Tym razem w środowej polecajce mam dla Was propozycję posłuchania niesamowitej serii albumów włoskiego artysty o wdzięcznej ksywce Papik. Kto się kryje za tą osobliwą nazwą?
Niezwykła opowieść muzyczna
Nerio Poggia to kompozytor, aranżer, autor i producent projektu muzycznego, którego nazwę wymyśliła jego matka. A dokładniej mówiąc, to właśnie ona w dzieciństwie tak nazywała syna na cześć postaci z filmu Białe cienie Nicholasa Raya.
Projekt Papik to niezwykła opowieść muzyczna, przenosząca nas w kolejnych albumach do różnych światów muzycznych.
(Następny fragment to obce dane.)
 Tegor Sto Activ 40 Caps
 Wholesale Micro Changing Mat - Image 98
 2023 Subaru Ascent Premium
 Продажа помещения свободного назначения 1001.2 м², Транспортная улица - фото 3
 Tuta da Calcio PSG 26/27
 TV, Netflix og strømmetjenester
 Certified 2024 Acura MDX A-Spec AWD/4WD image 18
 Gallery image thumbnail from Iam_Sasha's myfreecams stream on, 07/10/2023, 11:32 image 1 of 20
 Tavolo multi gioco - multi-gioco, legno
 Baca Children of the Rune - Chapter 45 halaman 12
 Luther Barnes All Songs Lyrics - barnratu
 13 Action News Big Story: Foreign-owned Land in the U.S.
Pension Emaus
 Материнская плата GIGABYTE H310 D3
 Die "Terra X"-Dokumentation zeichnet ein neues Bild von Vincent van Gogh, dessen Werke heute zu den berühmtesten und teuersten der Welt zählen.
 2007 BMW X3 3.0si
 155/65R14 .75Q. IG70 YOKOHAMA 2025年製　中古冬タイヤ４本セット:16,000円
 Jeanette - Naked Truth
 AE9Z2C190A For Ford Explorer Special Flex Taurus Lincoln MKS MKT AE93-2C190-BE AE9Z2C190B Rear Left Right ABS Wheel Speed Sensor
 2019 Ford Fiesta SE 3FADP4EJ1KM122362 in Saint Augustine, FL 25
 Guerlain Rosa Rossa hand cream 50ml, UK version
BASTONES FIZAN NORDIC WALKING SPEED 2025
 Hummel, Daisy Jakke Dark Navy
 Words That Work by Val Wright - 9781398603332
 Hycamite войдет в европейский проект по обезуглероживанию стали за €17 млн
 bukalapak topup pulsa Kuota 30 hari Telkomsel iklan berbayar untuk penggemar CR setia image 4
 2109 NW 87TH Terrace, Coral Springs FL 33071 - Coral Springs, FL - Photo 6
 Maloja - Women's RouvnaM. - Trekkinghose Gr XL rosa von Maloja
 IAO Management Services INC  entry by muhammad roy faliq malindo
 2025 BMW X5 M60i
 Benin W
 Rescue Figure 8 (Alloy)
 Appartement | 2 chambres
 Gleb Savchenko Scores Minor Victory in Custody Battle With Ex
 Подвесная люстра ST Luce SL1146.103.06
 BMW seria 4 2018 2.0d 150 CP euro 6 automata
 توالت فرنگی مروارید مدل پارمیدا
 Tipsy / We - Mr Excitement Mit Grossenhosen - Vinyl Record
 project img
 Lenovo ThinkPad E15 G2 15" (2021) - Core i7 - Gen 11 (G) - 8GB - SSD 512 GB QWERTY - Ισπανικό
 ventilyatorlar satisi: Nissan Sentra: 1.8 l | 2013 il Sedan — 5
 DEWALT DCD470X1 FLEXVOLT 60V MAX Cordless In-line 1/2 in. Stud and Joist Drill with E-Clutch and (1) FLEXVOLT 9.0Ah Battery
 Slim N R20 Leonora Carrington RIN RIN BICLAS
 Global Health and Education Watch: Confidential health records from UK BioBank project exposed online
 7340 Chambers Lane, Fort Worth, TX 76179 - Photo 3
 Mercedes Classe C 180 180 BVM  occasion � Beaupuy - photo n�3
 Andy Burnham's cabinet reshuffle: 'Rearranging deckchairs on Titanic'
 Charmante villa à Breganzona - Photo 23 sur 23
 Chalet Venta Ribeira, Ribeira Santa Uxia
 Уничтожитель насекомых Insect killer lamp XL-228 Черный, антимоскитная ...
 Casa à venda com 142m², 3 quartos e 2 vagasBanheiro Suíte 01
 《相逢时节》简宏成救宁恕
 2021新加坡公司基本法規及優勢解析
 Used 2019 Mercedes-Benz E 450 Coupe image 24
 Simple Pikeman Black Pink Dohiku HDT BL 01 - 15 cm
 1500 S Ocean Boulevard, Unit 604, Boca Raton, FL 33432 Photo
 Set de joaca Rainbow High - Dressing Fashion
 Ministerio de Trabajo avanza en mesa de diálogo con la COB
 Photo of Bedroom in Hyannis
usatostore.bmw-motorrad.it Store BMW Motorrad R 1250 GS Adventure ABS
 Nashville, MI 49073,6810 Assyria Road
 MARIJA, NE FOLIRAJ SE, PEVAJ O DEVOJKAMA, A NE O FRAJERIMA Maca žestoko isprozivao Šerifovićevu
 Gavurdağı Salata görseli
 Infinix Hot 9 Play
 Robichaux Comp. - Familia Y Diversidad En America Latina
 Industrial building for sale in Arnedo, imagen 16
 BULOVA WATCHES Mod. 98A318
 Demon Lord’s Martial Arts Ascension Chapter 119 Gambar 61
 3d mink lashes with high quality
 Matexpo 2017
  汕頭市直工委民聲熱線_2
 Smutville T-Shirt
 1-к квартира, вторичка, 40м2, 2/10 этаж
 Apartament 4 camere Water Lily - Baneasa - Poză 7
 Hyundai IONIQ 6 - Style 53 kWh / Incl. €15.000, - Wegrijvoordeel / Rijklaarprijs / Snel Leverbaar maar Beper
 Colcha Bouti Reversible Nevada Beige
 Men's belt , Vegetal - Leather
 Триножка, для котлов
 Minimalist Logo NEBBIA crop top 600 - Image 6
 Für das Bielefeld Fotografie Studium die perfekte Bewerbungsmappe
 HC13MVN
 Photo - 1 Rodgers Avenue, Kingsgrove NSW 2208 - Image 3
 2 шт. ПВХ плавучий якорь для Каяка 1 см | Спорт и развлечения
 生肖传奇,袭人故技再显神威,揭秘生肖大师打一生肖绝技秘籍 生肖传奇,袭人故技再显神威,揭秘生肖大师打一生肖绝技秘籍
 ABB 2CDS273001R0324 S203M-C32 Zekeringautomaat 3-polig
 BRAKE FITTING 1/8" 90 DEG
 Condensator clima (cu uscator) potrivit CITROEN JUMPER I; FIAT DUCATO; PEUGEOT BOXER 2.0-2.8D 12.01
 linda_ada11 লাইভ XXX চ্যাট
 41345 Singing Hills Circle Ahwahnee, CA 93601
Znajdziecie w nich mieszankę takich gatunków muzycznych jak: jazz, pop, soul, bossanovę. To seria utworów, które poprawiają humor. Często sprawiają, że jak to mówią, nogi same rwą się do tańca.
Twórczość Papika
Papik swoją debiutancką płytę wydał w 2009 roku. Album Rythm of Life stał się rozpoznawalny między innymi dzięki piosence Staying for Good, która jest puszczana w licznych stacjach radiowych na całym świecie. Kolejna płyta powstała w 2012 roku. Album Music Inside tak się spodobał w Japonii, że stał się hitem na tamtejszych pokazach mody.
W projekcie Papik biorą udział znani wykonawcy. Piosenka Sign of You Love stała się utworem tytułowym albumu Jasona Donovana. Natomiast Alan Scaffardi, jeden z najbardziej popularnych włoskich croonerów (artystów śpiewających klasyczny jazz) dołączył do projektu w albumie z 2013 Neja vu, który jest jednym z moich ulubionych.
Od płyty Sounds For The Open Road do projektu zaczęły dołączać całe rzesze kolejnych znanych artystów z całego świata, jak chociażby wspaniała Sarah Jane Morris, Ely Brun czy Mario Biondi.
Dla kogo są utwory?
Dla każdego, kto lubi słuchać muzyki, która przenosi w różne style muzyczne. Każdy album jest wyjątkowy. To trochę jak wędrówka po różnych klubach, gdzie codziennie odkryć można inny rodzaj muzyki. Znajdziesz tu typowe kawałki jazzowe, ale też taneczne aranżacje do tańca. Są utwory przypominające lata 20., jak i kawałki muzyczne z lat 70. Jednym słowem, jest na tych płytach taka różnorodność, że każdy może odkryć coś dla siebie.
Wiem, że jeśli raz zakochacie się w tych aranżacjach, to ile razy wypatrzycie napis na płycie Papik, z marszu zapragniecie tego przesłuchać. A już obecnie możecie znaleźć aż siedemnaście albumów oraz około czterdziestu albumów innych wykonawców, przy których produkcji także rękę przyłożył Nerio Poggia.
Życzę Wam wspaniałej podróży i wielu tanecznych wieczorów!